• _PROBLEM REQUIREMENTS_: Every line holding the string "Table" is to be copied from the entries below.

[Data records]
== Segment start ==

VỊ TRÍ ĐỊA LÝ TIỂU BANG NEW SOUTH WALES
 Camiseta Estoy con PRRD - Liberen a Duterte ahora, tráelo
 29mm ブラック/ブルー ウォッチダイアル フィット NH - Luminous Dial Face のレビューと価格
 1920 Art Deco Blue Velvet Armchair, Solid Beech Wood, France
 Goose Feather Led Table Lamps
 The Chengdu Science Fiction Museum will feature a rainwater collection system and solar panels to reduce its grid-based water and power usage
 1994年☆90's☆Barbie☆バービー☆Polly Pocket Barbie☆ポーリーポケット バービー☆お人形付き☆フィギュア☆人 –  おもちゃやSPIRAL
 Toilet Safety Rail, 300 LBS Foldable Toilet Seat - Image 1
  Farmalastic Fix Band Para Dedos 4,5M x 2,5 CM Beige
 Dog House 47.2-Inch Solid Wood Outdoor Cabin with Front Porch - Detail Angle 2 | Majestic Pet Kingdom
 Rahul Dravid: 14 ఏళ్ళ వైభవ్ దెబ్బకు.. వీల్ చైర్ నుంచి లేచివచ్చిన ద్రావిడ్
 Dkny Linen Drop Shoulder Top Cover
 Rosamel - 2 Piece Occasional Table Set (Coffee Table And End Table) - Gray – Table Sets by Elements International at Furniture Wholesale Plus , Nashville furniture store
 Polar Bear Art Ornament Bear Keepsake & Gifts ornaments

== Segment end ==

• _EXERCISE RESULT_:
 Goose Feather Led Table Lamps
 Rosamel - 2 Piece Occasional Table Set (Coffee Table And End Table) - Gray – Table Sets by Elements International at Furniture Wholesale Plus , Nashville furniture store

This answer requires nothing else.